We encourage customers to build and operate their applications responsibly, as described in the AWS Responsible Use of Machine Learning guide. This includes implementing Responsible AI practices to address key dimensions including fairness and bias, robustness, explainability, privacy and security, transparency, and governance.
 
Workflow design: The performance of any application using Transcribe Toxicity Detection depends on the design of the customer workflow. Conditions like background noise, recording device, and others are discussed in the Intended Use Cases section. Depending on the application, these conditions may be optimized by Transcribe customers, who define the workflow where audio is captured from end users. Transcribe provides features for customers to optimize their recognition performance within the API. Confidence thresholds, human oversight, workflow consistency and periodic testing for performance drift are also critical considerations that are under the control of customers, and that contribute to accurate, fair outcomes.
 
  1. Recording conditions: Ideal audio inputs have moderate to minimal background noise. Workflows should include steps to address variation in use case specific recording conditions.

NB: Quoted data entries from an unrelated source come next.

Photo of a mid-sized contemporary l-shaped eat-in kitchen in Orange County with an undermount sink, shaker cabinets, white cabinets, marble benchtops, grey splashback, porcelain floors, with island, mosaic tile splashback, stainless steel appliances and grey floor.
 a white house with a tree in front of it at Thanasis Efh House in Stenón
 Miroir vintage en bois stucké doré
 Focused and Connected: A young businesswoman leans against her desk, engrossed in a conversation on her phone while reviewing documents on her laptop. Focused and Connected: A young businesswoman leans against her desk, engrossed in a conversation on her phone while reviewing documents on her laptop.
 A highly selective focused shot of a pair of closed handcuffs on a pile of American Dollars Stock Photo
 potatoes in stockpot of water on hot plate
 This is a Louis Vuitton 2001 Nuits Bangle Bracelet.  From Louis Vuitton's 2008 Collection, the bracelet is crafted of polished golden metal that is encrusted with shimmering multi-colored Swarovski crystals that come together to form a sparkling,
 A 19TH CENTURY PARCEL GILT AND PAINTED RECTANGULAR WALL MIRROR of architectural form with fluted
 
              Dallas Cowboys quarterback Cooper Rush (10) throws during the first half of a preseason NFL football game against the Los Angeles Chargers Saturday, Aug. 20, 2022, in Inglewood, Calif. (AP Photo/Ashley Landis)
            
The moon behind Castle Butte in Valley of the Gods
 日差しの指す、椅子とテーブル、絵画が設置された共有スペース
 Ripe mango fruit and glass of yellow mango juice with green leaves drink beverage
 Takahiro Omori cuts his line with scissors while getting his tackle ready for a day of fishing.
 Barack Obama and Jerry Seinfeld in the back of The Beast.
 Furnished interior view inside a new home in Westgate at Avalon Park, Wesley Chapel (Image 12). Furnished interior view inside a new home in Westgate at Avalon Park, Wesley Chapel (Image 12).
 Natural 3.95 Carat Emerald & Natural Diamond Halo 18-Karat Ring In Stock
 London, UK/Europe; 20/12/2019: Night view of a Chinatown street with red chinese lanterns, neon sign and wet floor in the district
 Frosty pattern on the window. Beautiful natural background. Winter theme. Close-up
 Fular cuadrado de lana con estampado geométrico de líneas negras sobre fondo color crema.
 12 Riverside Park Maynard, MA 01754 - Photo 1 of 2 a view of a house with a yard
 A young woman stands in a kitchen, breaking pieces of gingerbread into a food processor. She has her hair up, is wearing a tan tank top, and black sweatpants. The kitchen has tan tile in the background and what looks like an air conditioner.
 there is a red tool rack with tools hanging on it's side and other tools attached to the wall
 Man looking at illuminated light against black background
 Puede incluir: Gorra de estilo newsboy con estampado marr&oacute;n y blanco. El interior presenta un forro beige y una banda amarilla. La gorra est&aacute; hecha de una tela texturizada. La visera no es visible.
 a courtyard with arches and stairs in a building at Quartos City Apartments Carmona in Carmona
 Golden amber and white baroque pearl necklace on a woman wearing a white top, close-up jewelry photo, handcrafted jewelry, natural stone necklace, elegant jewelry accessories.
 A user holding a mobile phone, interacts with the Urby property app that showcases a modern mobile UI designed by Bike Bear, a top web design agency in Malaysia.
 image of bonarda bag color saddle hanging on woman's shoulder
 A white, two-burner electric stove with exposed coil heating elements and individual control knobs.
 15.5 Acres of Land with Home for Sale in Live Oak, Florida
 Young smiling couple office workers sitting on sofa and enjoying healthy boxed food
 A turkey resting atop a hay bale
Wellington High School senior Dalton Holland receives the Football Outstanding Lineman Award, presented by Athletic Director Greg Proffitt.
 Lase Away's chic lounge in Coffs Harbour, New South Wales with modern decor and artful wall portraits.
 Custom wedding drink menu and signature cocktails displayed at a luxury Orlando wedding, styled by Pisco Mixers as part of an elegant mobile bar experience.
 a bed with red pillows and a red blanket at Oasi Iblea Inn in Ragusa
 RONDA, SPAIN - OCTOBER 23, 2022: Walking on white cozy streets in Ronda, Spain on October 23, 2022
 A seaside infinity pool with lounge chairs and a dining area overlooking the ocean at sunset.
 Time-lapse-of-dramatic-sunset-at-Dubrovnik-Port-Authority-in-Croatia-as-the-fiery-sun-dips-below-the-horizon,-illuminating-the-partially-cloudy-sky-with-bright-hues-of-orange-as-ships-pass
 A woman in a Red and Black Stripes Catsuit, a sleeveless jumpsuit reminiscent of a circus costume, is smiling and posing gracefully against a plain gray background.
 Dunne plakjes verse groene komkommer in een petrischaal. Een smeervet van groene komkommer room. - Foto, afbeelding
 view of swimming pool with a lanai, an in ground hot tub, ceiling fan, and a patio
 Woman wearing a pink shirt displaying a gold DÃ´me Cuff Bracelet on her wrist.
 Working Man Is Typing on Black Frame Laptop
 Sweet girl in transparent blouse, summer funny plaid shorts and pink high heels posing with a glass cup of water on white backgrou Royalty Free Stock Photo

  2. Confidence Thresholds: We recommend that customers experiment with performance for their content by starting with a threshold of 0.5 and incrementing or decrementing by 0.05. Customers with labeled evaluation datasets can calibrate thresholds for their specific use cases.

  3. Human oversight: Human review should be incorporated into the application workflow where appropriate. An ASR system with toxic content classification is intended to serve as a tool to reduce the effort incurred by fully manual solutions, and to allow human moderators to expeditiously review and assess the audio in order to make a moderation decision.

  4. Consistency: Customers should set and enforce policies for the kinds of audio inputs permitted, and for how humans use their own judgment to assess toxicity detection outputs. These policies should be consistent across all demographic groups. Inconsistently modifying audio inputs could result in unfair outcomes for different demographic groups.

  5. Performance drift: Updates to the models powering the feature may lead to different outputs over time. To address these changes, customers should consider periodically retesting the performance of Toxicity Detection, and adjusting their workflow if necessary.

Further information

Glossary

Fairness and Bias refer to how an AI system impacts different subpopulations of users (e.g., by gender, ethnicity).

Explainability refers to having mechanisms to understand and evaluate the outputs of an AI system.

Robustness refers to having mechanisms to ensure an AI system operates reliably.

Privacy and Security refer to data being protected from theft and exposure.

Governance refers to having processes to define, implement and enforce responsible AI practices within an organization.

Transparency refers to communicating information about an AI system so stakeholders can make informed choices about their use of the system.